I went through the same reaction process as most of us on Friday — and by most of us, I mean Americans who didn't personally know anybody at Sandy Hook Elementary School or in the community of Newtown, Conn. — a mixture of grief and anguish and disbelief. I asked the same questions my coworkers asked: How do these things keep happening? Why children? What can we do about it? My thoughts moved, dementedly, to the mindset of the killer. What kind of person does one have to be to perform such brutal acts?
By comparison, I thought of all the people that I know that I consider genuinely "bad people." There aren't many, but I know a few. These are bad people because they have no respect for others and they intentionally hurt others' feelings for their own arrogant sense of wellbeing. These bad people would not do what Adam Lanza did on Friday, December 14. Not in a million years.
So how do we identify those that are at-risk of causing great harm without becoming increasingly paranoid, resorting to witch hunts of the mentally ill? The greater question, I now think, is should we?
Let's envision an alternate reality at the moment? Let's imagine that we successfully identified the key elements that caused Dylan Klebold and Eric Harris to enter Columbine High School with assault weapons in 1999. Let's assume that we found a way to address those issues — we banned assault rifles, we exponentially increased funding to mental health services, especially for young people. Whatever it is. And let's imagine that we haven't had a mass shooting since.
No Virginia Tech. No Aurora Movie Theater. No Fort Hood. No Sandy Hook Elementary.
We wouldn't know it, of course, but we'd see a decade and a half gone by without one of these tragic incidents. And we'd have saved over 250 lives.
If that number seems low, that's because it is. By comparison, it's lower than the number of Americans who die by taking legally-obtained prescription drugs every day. It's about twice the number of Americans who die every day in car accidents. You get my point.
This is not to say that mass shootings are not a problem. Indeed, they are probably among the most frightening issues we face in the U.S., specifically because they happen so suddenly and are so unpredictable. But, we should recognize that our fear and our dread is why we react the way we do, why we feel the urgent need to take action. We should not pretend that incidents like Sandy Hook are comparable in number to the deaths U.S. families see every day because of cancer, heart disease, medical accidents, poverty and car crashes.
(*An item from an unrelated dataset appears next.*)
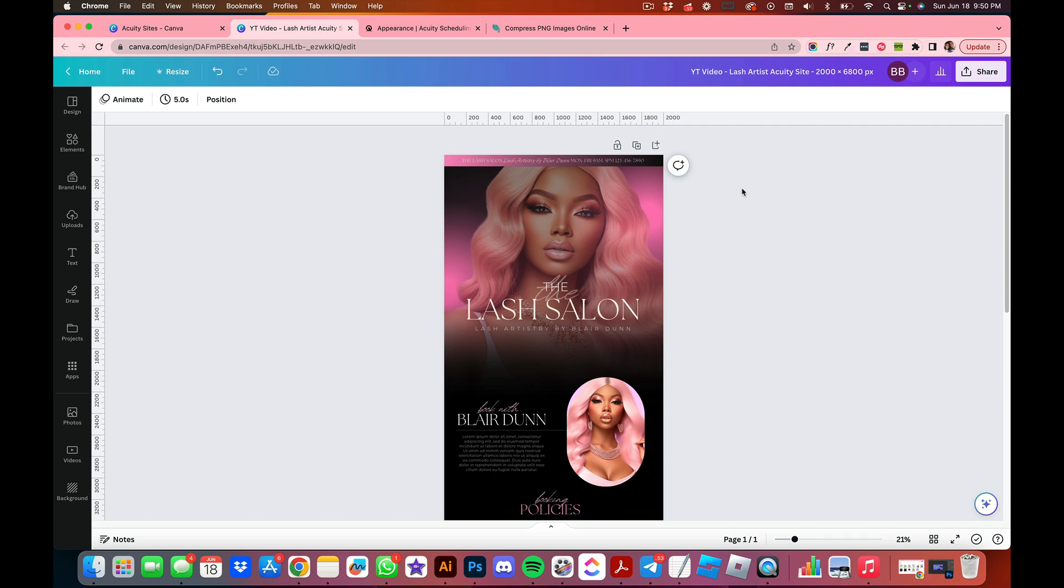Hey friend, let's get into everything Acuity sites. Acuity sites are all the craze and it's amazing what you can do to really spruce up your Acuity site just by buying a template that you can edit in Canva, download, and then upload to your Acuity site.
These problems, as deadly and pervasive as they are, happen gradually, and are expected. As Heath Ledger's Joker said in The Dark Knight, "Nobody panics when things go according to plan. Even if the plan is horrifying." Behavioral psychologists will recognize the human ability to fear a mass shooting more than a fatal car accident, even when one is far more likely than the other. If I die in a car crash, my friends and family will no doubt find it tragic, but it will, at least, be "part of the plan." It will be something that happens often, and so not all that surprising.
The Sandy Hook incident is something else entirely. It is senseless, destructive, and has made the entire nation a giant congregation of temporary nihilists. That is why we want to prevent future atrocities so much. That is why the media focuses so much energy on it. It's because it tears us apart to our very cores. It affects the nation mentally in a way that no number of cancer deaths could equal. It makes us doubt the very society we inhabit.
I'm of the mind that we can never eliminate these events from taking place. We can ban assault weapons and provide better mental health and preventative treatment, and we should. But, there are over 300 million of us. People just snap sometimes. It's seemingly random and completely arbitrary. And it will happen again.
What I want is for us to recognize our own limits, recognize that the energy we put into our Sandy Hook response can be utilized to prevent real suffering in a host of other areas. All of us who are now donating to the affected families or sending letters of comfort to the community should remember this feeling every time we read another statistic like the ones I linked to above. The next time you read that preventable medical errors are responsible for 200,000 U.S. deaths every year, divide that by 26 and realize that it's the equivalent of 21 Sandy Hooks every single day.
Fortunately, many of these every day, "part of the plan" crises are preventable. If the grief we feel right now were harnessed for preventable issues across the whole year, imagine what we could accomplish, and the lives we would save.